ENGLEWOOD — Thomas “Don” Moore was an old school journalist with newsprint in his blood.

Moore, who died in February, will now assist budding journalists through scholarships at the University of Florida, his alma mater.

“He was big on education and lived for journalism, so I think he would have really loved that,” said his daughter, Mary Shannon Moore, of Englewood.

For 40 or more years, Moore hammered out articles and columns, including more than 1,000 stories celebrating the experiences of local veterans, for the various editions of the Venice Gondolier and the Sun newspapers, now The Daily Sun.

He published books of veterans’ stories, “War Tales” and “War Tales II,” which are still available to read at donmooreswartales.com.

Moore worked as a journalist for more than 50 years, including being writer, editor and owner of the Islander, a weekly newspaper serving Anna Maria Island and Longboat Key in the 1960s.

In July 1999, while working for Sun Coast Media Group, Moore underwent a heart transplant at Tampa General Hospital. While recouping, he wrote about the experience of waiting — and slowly dying as each day passed — for a new heart.
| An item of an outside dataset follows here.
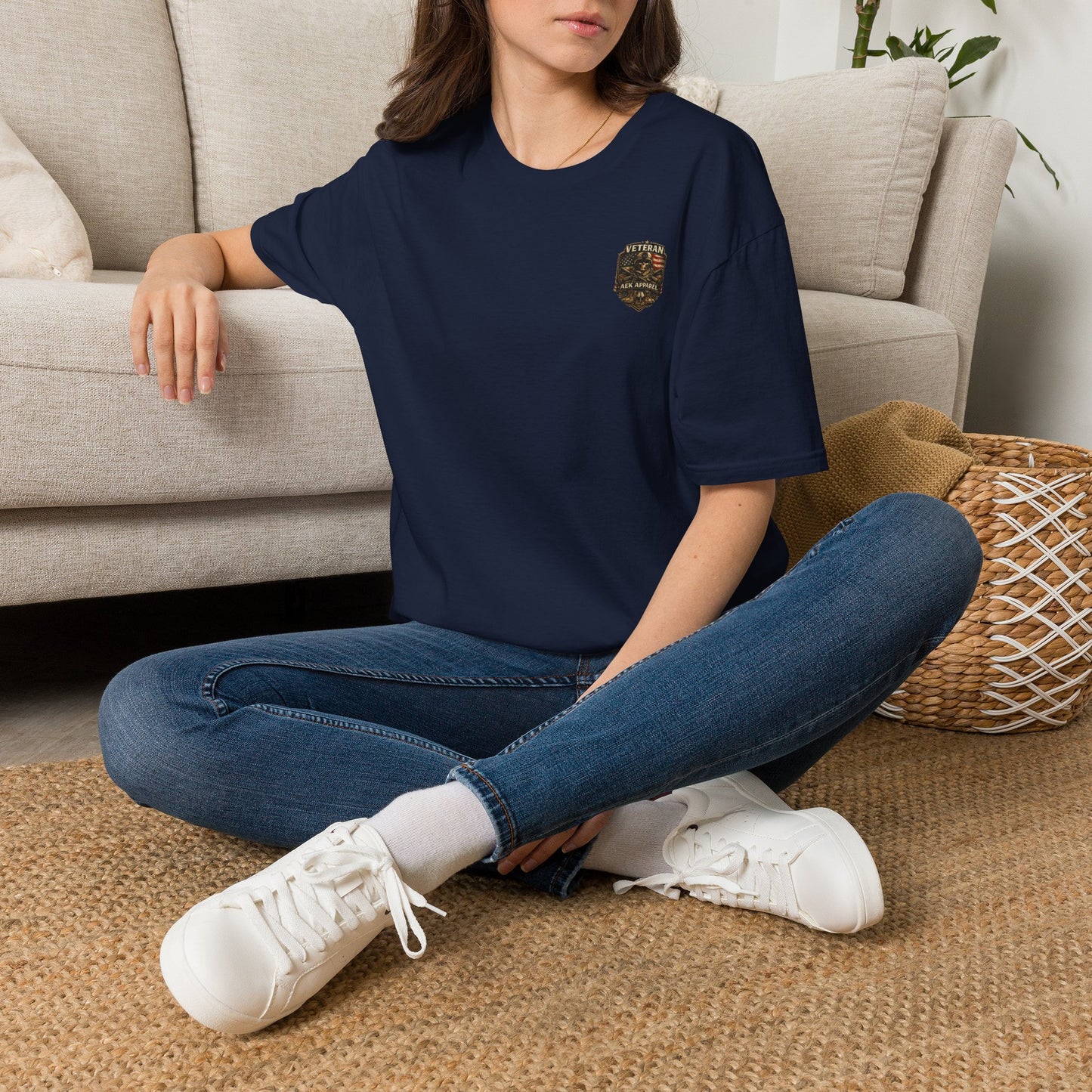 AEK Veteran Badge T-Shirt — Field Artillery Tee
“Newsroom,” he would answer the phone in his hospital room.

When Moore died earlier this year, his former colleague, Marisa Porto, finished a story Moore had begun writing and which would become his obituary.

Moore was a mentor and friend to Porto. Upon his death, Porto and two other of Moore’s former colleagues — Tom O’Neill and Jamie (Carte) Floer — brainstormed how best to remember Moore and determined a scholarship fund would be best.

“Don Moore spent his entire life telling stories of his community,” Porto said. Teaching a new generation of journalists would be the best way to remember him.